Abstract
Purpose
Complex percutaneous interventions often require high radiation doses likely to produce skin radiation injuries. We assessed the methodology used to select patients with potential skin injuries in cardiac procedures and in need of clinical follow-up. We evaluated peak skin dose and clinical follow-up in a case of radiodermatitis produced during a total occlusion recanalization.
Materials and Methods
This prospective study followed CIRSE and ACC/AHA/SCAI recommendations for patient radiation dose management in interventional procedures carried out in a university hospital with a workload of 4200 interventional cardiac procedures per year. Patient dose reports were automatically transferred to a central database.
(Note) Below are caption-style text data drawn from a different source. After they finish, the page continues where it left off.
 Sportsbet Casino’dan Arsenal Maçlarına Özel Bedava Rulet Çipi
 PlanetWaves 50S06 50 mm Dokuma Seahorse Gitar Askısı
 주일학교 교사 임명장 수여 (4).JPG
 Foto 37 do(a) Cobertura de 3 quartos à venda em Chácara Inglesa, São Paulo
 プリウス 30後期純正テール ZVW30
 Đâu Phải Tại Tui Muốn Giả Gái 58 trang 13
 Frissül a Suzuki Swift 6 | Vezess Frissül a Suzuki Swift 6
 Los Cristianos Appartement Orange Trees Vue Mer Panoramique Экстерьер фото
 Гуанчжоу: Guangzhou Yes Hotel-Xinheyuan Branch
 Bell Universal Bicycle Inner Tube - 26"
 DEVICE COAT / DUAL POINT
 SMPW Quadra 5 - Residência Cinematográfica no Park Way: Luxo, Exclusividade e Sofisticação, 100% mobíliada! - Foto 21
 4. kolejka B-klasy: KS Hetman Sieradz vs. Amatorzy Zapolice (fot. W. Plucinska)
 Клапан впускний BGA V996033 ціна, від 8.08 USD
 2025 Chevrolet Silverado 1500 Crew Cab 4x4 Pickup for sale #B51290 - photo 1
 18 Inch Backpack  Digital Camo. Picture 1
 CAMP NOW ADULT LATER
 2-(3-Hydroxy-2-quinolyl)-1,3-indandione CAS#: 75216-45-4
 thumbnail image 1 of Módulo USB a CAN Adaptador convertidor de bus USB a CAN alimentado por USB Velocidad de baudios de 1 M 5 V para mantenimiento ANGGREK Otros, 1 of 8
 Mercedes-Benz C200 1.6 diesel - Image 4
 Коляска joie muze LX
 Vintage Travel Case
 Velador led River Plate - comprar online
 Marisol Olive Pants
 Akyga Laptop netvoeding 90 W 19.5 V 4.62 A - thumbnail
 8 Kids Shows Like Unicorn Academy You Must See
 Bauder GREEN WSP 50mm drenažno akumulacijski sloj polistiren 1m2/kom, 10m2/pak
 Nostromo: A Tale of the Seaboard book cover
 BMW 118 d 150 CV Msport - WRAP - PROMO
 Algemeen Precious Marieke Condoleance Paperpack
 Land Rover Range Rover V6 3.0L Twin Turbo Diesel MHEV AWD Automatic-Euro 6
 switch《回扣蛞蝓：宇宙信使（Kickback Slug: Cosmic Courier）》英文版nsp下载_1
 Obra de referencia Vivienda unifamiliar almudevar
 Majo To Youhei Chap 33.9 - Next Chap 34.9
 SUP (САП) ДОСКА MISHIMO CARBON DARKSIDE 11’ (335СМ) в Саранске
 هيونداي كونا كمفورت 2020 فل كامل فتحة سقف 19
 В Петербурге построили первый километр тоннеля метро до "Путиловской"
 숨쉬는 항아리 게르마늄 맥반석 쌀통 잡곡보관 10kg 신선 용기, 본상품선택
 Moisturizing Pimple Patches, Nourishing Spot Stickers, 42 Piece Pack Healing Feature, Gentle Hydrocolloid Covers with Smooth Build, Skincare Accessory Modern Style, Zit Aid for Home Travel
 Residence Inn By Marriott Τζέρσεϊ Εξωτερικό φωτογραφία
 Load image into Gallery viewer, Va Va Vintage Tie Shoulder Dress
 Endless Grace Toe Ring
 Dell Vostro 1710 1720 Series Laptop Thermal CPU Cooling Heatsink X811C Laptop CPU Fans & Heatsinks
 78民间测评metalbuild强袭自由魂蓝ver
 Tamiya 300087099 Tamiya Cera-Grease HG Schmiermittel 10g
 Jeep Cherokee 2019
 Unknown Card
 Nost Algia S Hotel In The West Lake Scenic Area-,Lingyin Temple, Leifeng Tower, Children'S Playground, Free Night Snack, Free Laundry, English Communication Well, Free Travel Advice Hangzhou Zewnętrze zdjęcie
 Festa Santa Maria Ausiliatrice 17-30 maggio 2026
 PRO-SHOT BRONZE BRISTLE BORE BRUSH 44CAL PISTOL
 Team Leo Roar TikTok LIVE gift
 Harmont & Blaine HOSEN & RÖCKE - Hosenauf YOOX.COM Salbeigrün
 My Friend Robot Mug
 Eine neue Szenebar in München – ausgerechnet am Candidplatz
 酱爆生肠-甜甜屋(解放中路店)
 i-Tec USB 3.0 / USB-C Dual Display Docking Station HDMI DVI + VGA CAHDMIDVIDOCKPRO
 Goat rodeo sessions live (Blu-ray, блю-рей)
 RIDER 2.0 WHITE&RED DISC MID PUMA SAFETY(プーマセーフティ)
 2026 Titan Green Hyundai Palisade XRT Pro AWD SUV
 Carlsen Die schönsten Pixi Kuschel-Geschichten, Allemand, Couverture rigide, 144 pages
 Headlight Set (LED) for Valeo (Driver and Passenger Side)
Patients exceeding trigger levels for air kerma area product (500 Gy cm2) and cumulative skin dose (5 Gy) were counseled and underwent follow-up for early detection of skin injuries, with dermatologic support. The Ethical Committee and the Quality Assurance and Radiation Safety Committee approved the program.
Results
During 2010, a total of 13 patients (3.0/1,000 that year) received dose values exceeding trigger levels in the cardiovascular institute. Only one patient, who had undergone two consecutive procedures resulting in 970 Gy cm2 and 13.0 Gy as cumulative skin dose, showed signs of serious radiodermatitis that resolved in 3.7 months. The remaining patients did not manifest skin lesions during follow-up, and whenever patient examination was not feasible as part of the follow-up, neither patients nor families reported any skin injuries.
Conclusions
Peak skin dose calculation and close clinical follow-up were feasible and appropriate, with a moderate additional workload for the staff and satisfaction for the patient.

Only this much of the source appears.